AMISTAD (42)
Directed by: Steven Spielberg
Starring: Djimon Hounsou, Matthew McConaughey, Anthony Hopkins, Morgan Freeman
The Pitch: Rebellious slaves aboard a 19th-century transport ship are caught, and put on trial for murder.
Theo Sez: Speeches, epiphanies, tribulations, heavenly choirs, three (count 'em) trials and a gaggle of British actors - Hopkins, Pete Postlethwaite, Jeremy Northam - arguing the finer points of the American Constitution : white guilt gets a pretty definitive seeing-to in this turgid epic, hugely overblown in this director's trademark style though also featuring some superb visuals - mostly in the opening half-hour, doing breathtaking things with mist-filtered light, the glint of a sword or the hugeness of the night sky (one shot especially - the African families huddled on deck in their robes and head-dresses, absolutely still and craning out into the mist - is so perfectly composed you half-expect it to be on sale in the foyer as you go out).

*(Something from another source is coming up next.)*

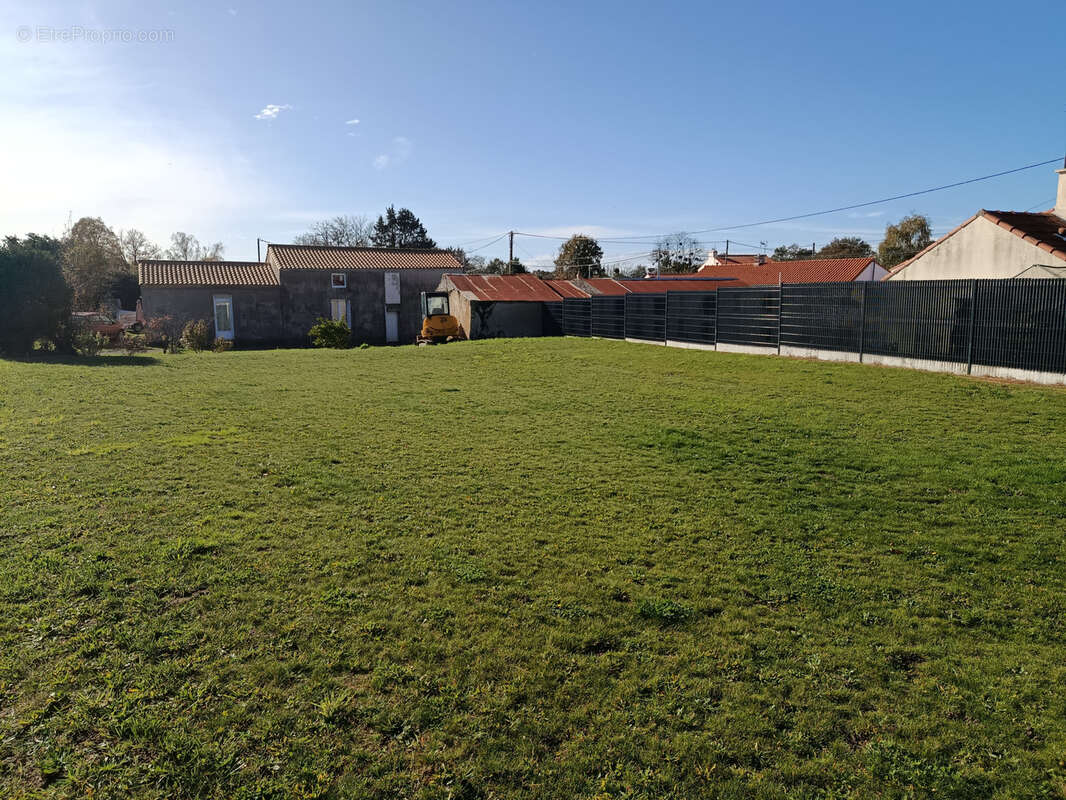 Terrain à ARTHON-EN-RETZ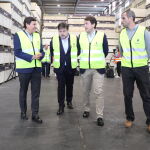 El presidente de la Junta de Castilla y León, Alfonso Fernández Mañueco, visita, junto al consejero Carlos Fernández Carriedo, la planta de Tableros Losán en Villabrázaro (Zamora)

The rest is a sorry sight, not always as giggle-inducingly silly as its infamous "Give us free" sequence (it's the build-up that makes it so hilarious, all that escalating paranoia toppling over into bathos), but still sobering evidence of how you can only talk about certain things in Hollywood movies if you reduce them to meaningless abstractions. The film objectifies its slave "heroes" right from the opening shot of a strange glimmering something that looks like a hunk of ebony but turns out to be a black man - they're sculpted against the light, not even subtitled when they speak : mysterious and unknowable, ineffably Other (which, no doubt, is the only way to pre-empt lobbying by African-American groups - you can't be accused of stereotyping if you don't actually say anything). The plotting is as diffuse as the characters, endlessly dragging out a fairly simple case (our heroes' lawyer summarises the legal issues involved in just a couple of sentences) ; everything - even the relatively good stuff, like the southern Senator's silky-voiced threats - goes on too long ; leaden Messages are declaimed, never debated ("the natural state of Man is freedom," croaks Hopkins in the climactic speech - though it's at least arguable that Man only became human when he started to relinquish freedom). It's a veritable sea-storm of portentousness ; the actors - Freeman in a nothing part, Hopkins shuffling and squinting, McConaughey in a get-up that makes him look like the Artful Dodger - go down with the ship.